Data for the task:
BEGIN

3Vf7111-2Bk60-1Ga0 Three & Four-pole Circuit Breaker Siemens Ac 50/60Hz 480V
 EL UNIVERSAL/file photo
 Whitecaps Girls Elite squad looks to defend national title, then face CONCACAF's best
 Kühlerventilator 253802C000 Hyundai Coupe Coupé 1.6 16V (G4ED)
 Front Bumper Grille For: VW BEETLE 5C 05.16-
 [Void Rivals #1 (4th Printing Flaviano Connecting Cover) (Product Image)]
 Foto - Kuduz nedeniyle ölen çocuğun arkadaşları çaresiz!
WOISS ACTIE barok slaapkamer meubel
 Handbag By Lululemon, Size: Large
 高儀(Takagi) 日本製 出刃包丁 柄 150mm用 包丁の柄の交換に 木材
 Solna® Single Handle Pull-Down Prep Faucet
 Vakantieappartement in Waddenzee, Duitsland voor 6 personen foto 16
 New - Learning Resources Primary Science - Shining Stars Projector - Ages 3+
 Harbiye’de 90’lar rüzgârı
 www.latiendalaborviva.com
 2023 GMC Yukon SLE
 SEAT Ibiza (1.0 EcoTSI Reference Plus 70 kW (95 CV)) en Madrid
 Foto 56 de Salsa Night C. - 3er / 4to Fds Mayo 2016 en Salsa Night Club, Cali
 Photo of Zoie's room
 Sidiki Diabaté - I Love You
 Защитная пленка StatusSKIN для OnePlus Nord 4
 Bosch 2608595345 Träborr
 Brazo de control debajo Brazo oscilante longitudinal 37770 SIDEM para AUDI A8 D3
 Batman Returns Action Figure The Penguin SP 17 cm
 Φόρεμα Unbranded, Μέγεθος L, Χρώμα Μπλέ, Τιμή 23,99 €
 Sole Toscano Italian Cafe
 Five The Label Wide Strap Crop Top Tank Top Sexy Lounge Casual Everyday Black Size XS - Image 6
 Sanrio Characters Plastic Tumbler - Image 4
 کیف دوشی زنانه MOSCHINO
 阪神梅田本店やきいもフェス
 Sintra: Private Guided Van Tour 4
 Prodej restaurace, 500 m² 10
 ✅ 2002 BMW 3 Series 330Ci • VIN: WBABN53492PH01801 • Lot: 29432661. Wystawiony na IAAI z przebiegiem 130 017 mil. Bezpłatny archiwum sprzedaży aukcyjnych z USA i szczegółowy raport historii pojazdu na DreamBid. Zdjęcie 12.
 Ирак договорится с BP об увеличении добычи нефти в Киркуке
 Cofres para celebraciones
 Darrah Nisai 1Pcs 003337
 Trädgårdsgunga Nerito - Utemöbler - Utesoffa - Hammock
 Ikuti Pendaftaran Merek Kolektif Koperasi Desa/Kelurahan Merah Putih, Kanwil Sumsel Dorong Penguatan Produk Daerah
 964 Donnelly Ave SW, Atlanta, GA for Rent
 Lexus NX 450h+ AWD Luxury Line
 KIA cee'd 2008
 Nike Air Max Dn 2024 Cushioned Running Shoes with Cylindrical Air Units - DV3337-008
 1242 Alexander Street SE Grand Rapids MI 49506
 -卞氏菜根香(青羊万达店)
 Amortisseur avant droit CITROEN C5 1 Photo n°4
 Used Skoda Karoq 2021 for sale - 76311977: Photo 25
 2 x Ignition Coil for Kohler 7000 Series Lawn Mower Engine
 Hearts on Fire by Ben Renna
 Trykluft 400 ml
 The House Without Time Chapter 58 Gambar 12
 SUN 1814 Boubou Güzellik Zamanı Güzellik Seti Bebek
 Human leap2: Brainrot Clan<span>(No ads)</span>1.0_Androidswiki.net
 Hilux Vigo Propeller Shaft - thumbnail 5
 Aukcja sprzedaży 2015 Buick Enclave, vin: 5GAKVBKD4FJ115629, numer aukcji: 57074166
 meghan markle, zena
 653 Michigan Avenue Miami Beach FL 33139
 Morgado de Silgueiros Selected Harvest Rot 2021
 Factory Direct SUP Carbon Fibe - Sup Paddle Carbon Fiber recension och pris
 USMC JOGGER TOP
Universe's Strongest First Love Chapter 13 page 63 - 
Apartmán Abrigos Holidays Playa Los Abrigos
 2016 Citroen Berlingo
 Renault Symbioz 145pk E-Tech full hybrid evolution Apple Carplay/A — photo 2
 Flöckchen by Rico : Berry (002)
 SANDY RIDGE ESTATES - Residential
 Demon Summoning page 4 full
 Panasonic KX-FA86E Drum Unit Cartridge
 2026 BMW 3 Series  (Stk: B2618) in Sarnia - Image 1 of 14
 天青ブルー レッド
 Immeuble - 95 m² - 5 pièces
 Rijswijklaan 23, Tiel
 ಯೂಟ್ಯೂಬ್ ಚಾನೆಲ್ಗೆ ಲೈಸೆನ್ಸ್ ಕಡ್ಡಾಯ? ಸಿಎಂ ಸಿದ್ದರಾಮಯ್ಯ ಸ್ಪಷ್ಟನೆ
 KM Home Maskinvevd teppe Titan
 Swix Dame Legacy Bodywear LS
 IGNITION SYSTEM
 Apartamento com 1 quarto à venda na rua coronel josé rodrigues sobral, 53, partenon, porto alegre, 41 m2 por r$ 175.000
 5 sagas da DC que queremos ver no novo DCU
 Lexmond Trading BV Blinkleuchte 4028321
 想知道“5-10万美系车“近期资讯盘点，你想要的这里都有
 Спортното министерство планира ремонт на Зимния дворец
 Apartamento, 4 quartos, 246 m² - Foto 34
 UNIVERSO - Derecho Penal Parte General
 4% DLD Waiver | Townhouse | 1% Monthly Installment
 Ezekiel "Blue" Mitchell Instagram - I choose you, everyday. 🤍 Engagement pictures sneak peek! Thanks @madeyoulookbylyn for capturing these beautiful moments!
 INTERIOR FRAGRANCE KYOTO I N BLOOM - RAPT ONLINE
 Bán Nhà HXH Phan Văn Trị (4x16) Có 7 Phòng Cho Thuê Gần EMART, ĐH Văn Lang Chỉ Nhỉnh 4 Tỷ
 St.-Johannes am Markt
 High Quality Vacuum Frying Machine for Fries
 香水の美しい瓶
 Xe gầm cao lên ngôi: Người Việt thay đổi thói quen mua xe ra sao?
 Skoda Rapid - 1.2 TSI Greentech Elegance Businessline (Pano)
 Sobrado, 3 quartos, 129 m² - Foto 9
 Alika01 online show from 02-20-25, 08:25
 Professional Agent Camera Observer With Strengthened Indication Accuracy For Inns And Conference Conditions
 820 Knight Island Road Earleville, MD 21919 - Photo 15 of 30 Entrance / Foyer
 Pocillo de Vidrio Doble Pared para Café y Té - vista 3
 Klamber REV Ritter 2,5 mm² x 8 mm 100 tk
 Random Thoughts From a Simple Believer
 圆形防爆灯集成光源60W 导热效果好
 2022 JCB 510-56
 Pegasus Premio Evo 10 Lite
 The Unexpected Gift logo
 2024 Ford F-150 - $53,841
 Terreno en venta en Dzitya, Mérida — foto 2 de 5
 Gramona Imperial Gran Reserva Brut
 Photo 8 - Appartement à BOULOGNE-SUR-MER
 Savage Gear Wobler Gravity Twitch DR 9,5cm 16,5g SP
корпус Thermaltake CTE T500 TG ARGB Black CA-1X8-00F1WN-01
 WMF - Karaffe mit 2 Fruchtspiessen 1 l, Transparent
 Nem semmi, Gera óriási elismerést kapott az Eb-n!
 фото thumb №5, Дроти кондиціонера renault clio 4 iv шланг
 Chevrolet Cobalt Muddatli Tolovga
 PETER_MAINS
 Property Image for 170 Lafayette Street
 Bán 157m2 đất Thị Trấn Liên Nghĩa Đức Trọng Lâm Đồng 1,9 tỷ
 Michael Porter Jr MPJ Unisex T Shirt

END

Goal of the exercise: Show all lines of the material in which the word "Skoda" can be found.

Answer box:
 Used Skoda Karoq 2021 for sale - 76311977: Photo 25
 Skoda Rapid - 1.2 TSI Greentech Elegance Businessline (Pano)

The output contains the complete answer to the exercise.